Sous le plus petit dénominateur en cours aujourd’hui –
« Olmert, rentre chez toi » – elle exprimait la
confusion et l’égarement. Ce réveil tardif est certes louable
mais son contenu est condamnable.
Les
manifestants en ont donné cent mille fois le témoignage :
la société israélienne continue de chercher la pièce de
monnaie perdue, sous le lampadaire et pas là où elle se trouve.
« Nous sommes menu bétail à la recherche d’un berger »,
a dit Osnat Vishinsky, la modératrice de l’événement, qui a
perdu son fils à Gaza, définissant parfaitement le troupeau de
manifestants-sans-berger qui jusque là se blottissait dans un
silence de moutons ou bien acclamait la guerre, et qui maintenant
applaudissait avec enthousiasme à ses paroles.
Que
voulait la foule ? « Olmert, rentre chez toi ».
Est-ce là un but ou seulement un moyen ? Et quand Olmert
sera rentré chez lui, que se passera-t-il au juste ? Pas un
mot là-dessus. Il faut maintenir les rangs. Pareil pour le second
slogan unificateur : « Des élections maintenant ».

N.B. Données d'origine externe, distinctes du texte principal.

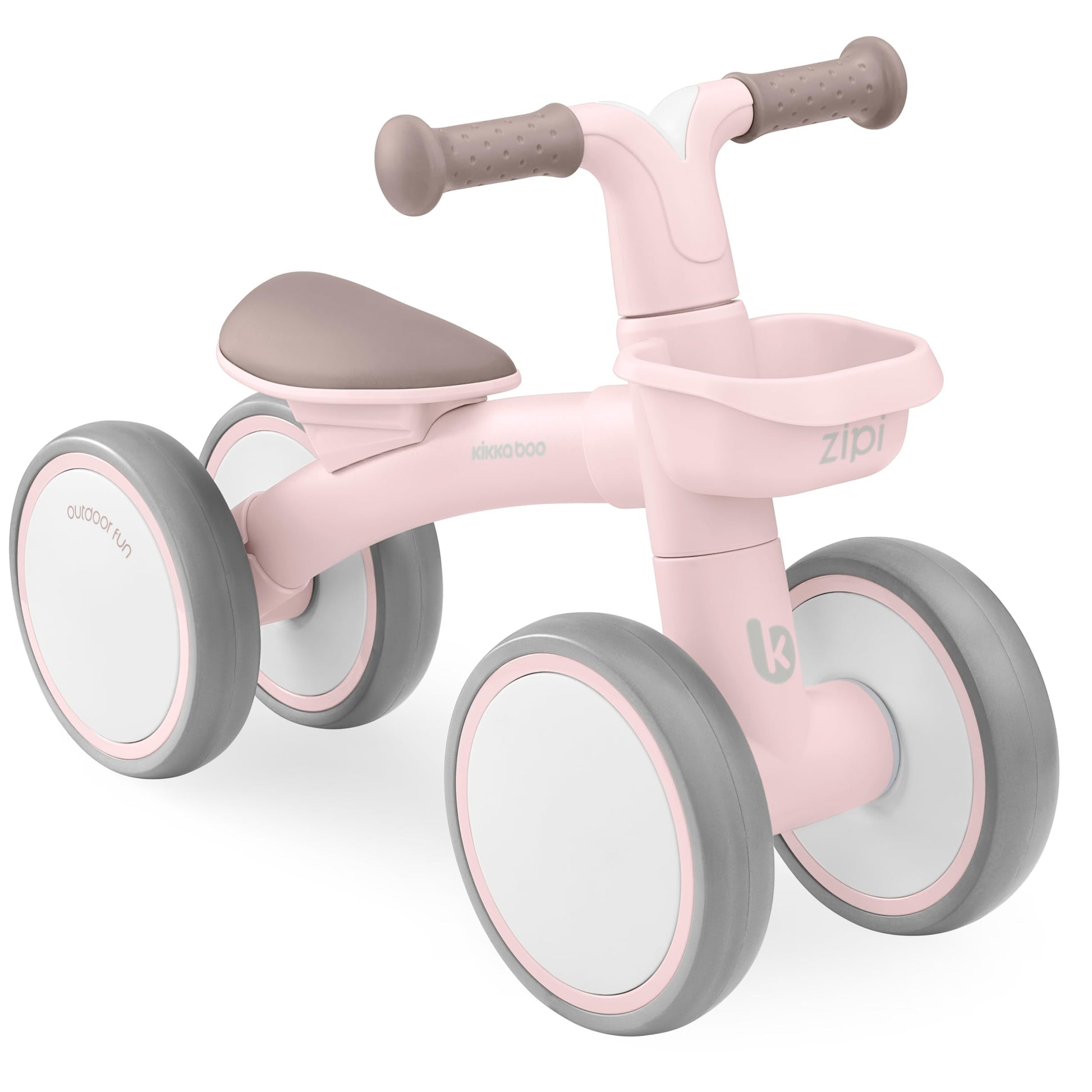 KikkaBoo Zipi Bicycle Without Pedals, Balance Bike with Basket, Adjustable, Children's Toy, Baby Gift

Que se passera-t-il ensuite ? Benjamin Netanyahou. Ehoud
Olmert remplacé par semblable à lui. Quand les haut-parleurs ont
joué « Les enfants de l’hiver 73 », on ne pouvait
pas ne pas se rappeler la manifestation précédente : la
« jeunesse aux bougies » sur la place publique,
pleurant et chantant, mais ne disant rien. « Une génération
entière veut la paix », et qu’a fait la génération ?
Elle a allumé des bougies. Et on peut se rappeler aussi la place
déserte pendant les 33 jours de la guerre, alors qu’il était
possible et qu’il aurait fallu manifester et sauver encore
quelque chose – mais il ne venait qu’une poignée vaillante de
la gauche radicale.
Cette
protestation n’est pas moins vide que le leadership qu’elle
vise. Des parents endeuillés sont montés sur la scène pour
pleurer leurs enfants, mais aucun n’a fait de proposition pour
empêcher la prochaine guerre. Une manifestation de masse d’où
jaillirait un appel à entamer des discussions de paix avec la
Syrie, à mettre fin à l’occupation ou à répondre à
l’initiative saoudienne, voilà ce qui pourrait vraiment empêcher
une tuerie, mais ce n’est pas inscrit à l’agenda de cette
protestation vide. Pour cela, il faut du courage et il n’y
aurait pas foule. « Du steak pour la force aérienne, mais
ni eau, ni armes, ni munitions pour l’infanterie »,
lisait-on sur un autre calicot exprimant le sentiment qui dominait
tout le reste : la dernière guerre n’a pas été conduite
comme il aurait fallu. Si simplement elle avait été menée comme
il faut, si seulement nous avions tué sans être tués, il n’y
aurait pas eu de manifestation.
Pourquoi
n’y a-t-il pas par exemple de protestation contre l’armée
israélienne ? Le rapport Winograd, qui a eu droit ici à des
acclamations, n’a-t-il pas établi que le chef d’état-major
et l’armée avaient mené le gouvernement à la guerre par de
fausses promesses ? Mais l’armée israélienne est au-delà
de toute protestation. Pourquoi ? Et pourquoi n’y a-t-il
pas protestation contre le recours à la guerre comme le premier
moyen dans l’arsenal des réponses israéliennes ? Pourquoi
n’y a-t-il pas protestation contre les destructions et la mort
que nous avons semées pour rien au Liban ? Ou contre
l’image d’Israël comme Etat qui fomente la guerre, vit par le
glaive ?
Aucune
véritable démonstration de colère dans cette manifestation, et
même l’unité affichée était purement plaquée. Yossi Beilin
et Effi Eitam unis dans l’appel à venir sur la place publique,
autre feinte injonction à la réconciliation, car rien ne peut
unir les deux hommes, pas même l’appel « Olmert, rentre
chez toi » mille fois crié. Les organisateurs voulaient une
manifestation « sans politiciens ». Qui nous
restera-t-il ? Uzi Dayan – lui-même un politicien qui a
simplement échoué aux élections ? Et peut-être Arkadi
Gaydamek, lui aussi un « opposant aux politiciens » ?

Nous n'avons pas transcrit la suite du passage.